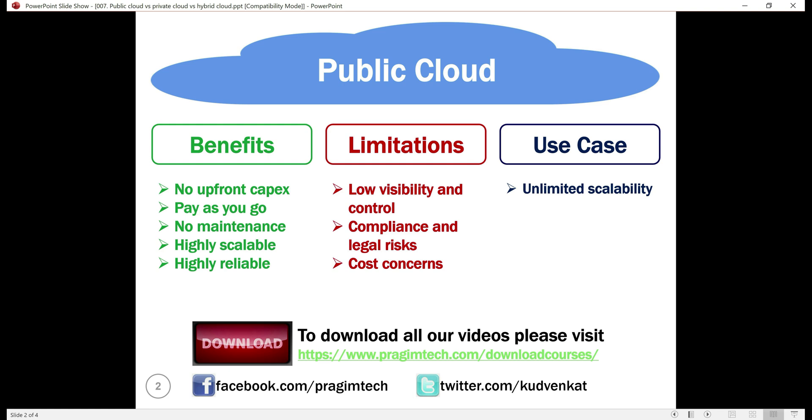Businesses with varying peak demands greatly benefit from the public cloud. When there is high demand, you scale up and when the demand subsides, you scale down and pay only for what you use.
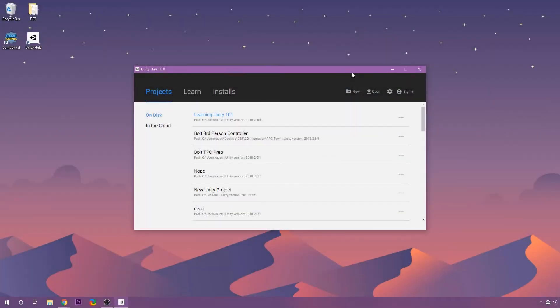Hey guys, welcome back. In this lesson, we're going to create our first Unity project, and then we're going to go briefly over all of the UI stuff that we're going to see whenever we open up the editor.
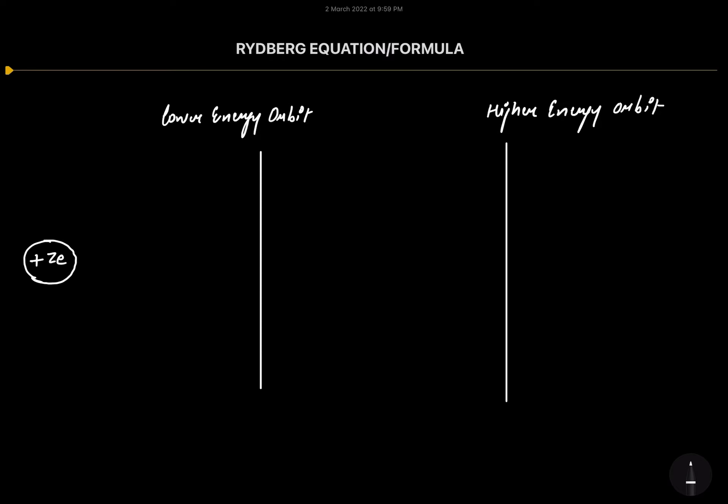Hello my dear students, welcome to my YouTube channel 'Concepts of Chemistry'. Please do subscribe to my channel. Today we are going to derive the Rydberg equation. Before doing that, let us recapitulate the previous lectures on emission spectrum.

Problem to solve — Retype the material above exactly, images excluded.

Task solution —
Businesses with varying peak demands greatly benefit from the public cloud. When there is high demand, you scale up and when the demand subsides, you scale down and pay only for what you use.
Hey guys, welcome back. In this lesson, we're going to create our first Unity project, and then we're going to go briefly over all of the UI stuff that we're going to see whenever we open up the editor.
Hello my dear students, welcome to my YouTube channel 'Concepts of Chemistry'. Please do subscribe to my channel. Today we are going to derive the Rydberg equation. Before doing that, let us recapitulate the previous lectures on emission spectrum.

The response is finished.